Linda and Cheryl made me a present. I could tell because when I woke up, they were always running off chortling into the other room, all over a few weeks. Very pleased with themselves. They gave it to me this weekend, and I wanted to show it to you. I am not sure where they go SO MANY bad pictures of me but if I hear you using any as screen savers (the bad ones, the good ones help yourself), I will be heading towards your city and your computer baseball bat in hand.
It made me happy, it made me nostalgic, it made me darn confused (some of the pictures I am in, I don’t remember AT ALL), it made me wish they had let me vote for some of the pictures. But this is a picture of Elizabeth from two people who care about me, and have seen me in good times and bad. Some new readers haven’t seen many of the faces of Beth (the not so great ones), or how much weight I have lost, just in my face. Of course the dark faces, the faces of hell and pain, they are too busy doing things to take pictures. Sometime recently parts of my hands turned black in a matter of a couple minutes. My face was terror then, and calling for help. I don’t know what happened after (probably seizures or something), but there is nothing like watching your hands turn shades of black over 20 or thirty seconds. But it is in the end, I think an interesting mirror of me. An interesting mirror more of Linda and Cheryl who are there, caring for me, being there so I can be there, always watching over me: My companions.
2 hours ago



26 comments:
Black hands and green arms - seems like plain pinkish is just boring in comparison!

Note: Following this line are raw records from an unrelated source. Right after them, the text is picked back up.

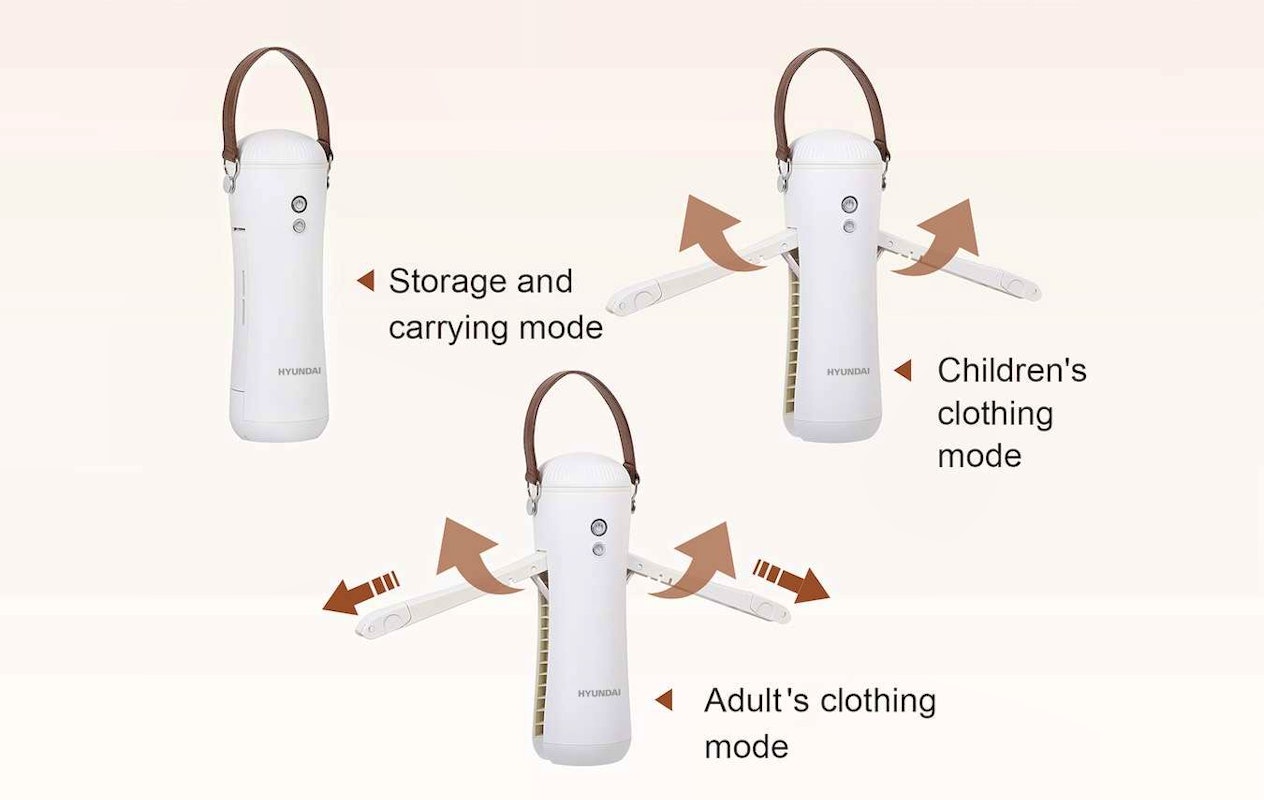 Hyundai Electronics – Multifunctionele kleding- & schoenendroger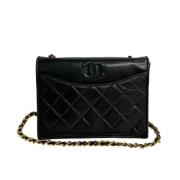 Chanel Vintage Pre-owned Laeder crossbodyvskor Black, Dam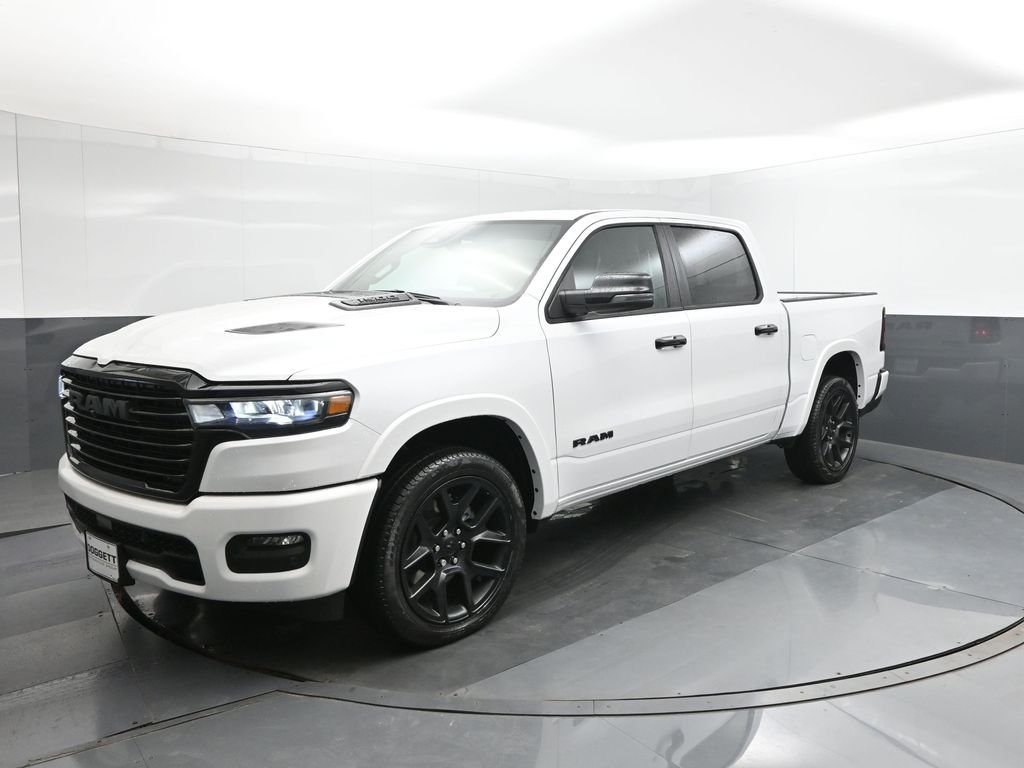 New 2026 Ivory White Tri-Coat Pearl-Coat Exterior Paint RAM Laramie image 34
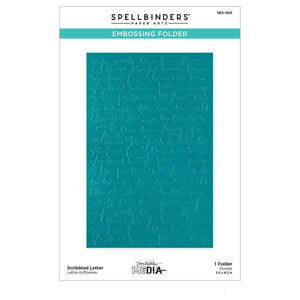 Scribbled Letter Embossing Folder by Dina Wakley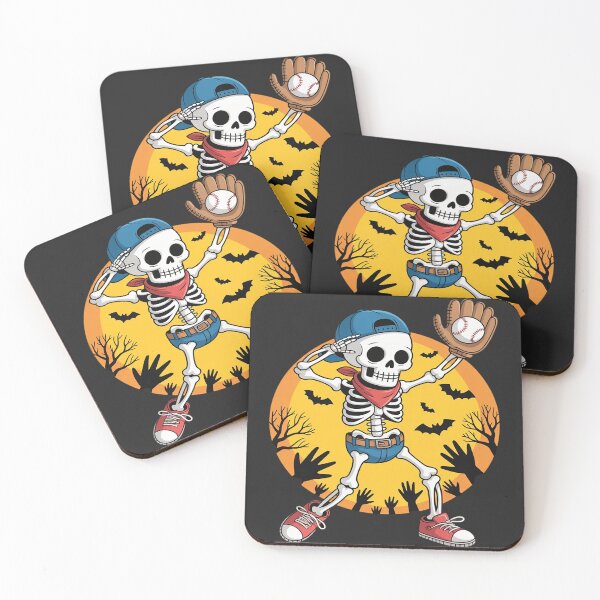 Item preview, Dabbing Skeleton Baseball Halloween Spooky Baseball Player designed and sold by tkhrbika.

The photos are brilliant, and I loved the music too.
And an admission from an earlier post of yours - I really did fancy that guy with the butterflies....
Rachael - NZ
Rachel: thanks for commenting. Yes, sometimes, if both arms match, Linda and I get worried like, "Oh no, what is about to happen!" It is amazing what we can get used to as the new "normal" I think.
I was really pleasantly happy (chuffed), about the present, that's why I wanted to show it. Also often people just see me smiling and happy and life is more complicated than that, I thought they captured that very well (I was a little disturbed at the picture where I am making eyes at Cheryl; when did I do that? And why is Linda taking a photo instead of bonking me on the head?).
I liked that "bad boy" too, I just like the whole, leather jacket, wild hair and...butterflies! Reminds me of some sort of Vogue portrait.
That's a brilliant gift!
What a fabulous present! A wonderful look back at the last 2 years.
I have one thing to say - you GO GIRL!!! excellant photos, well done - Elizabeth Fucking McClung ROCKS!
Obviously, I only get what I read on here, but you just seem like such a strong person, and though some of the photos showed not-so-great moments, you're strength and personality still seemed to shine through.
On a different note, I had a dream about you and Linda the other night! Bizarre, since I've never met either of you, but you were both definitely there. You only passed out twice in the dream, and it wasn't scary or dramatic. We just made sure you were breathing and then waited for you to wake up, which you did with a sarcastic smile on your face each time. When you weren't passed out, we were hanging out the way I hang out with my closest friends--sitting around, being ridiculous, laughing hysterically and generally having fun together.
I hope you have a good day today, Beth!
Sasha
Lovely video.....hm.....I am not shure if I would be completly happy about it if it was me. But one can tell it is made with great love and sense of humour. Where did they get the song, it's perfect.
Can imagining them sneaking away making it:)
Ha, ha.
Love the pictures of you and Linda you look really sweet together.
Great video! You have such wonderful, beautiful friends!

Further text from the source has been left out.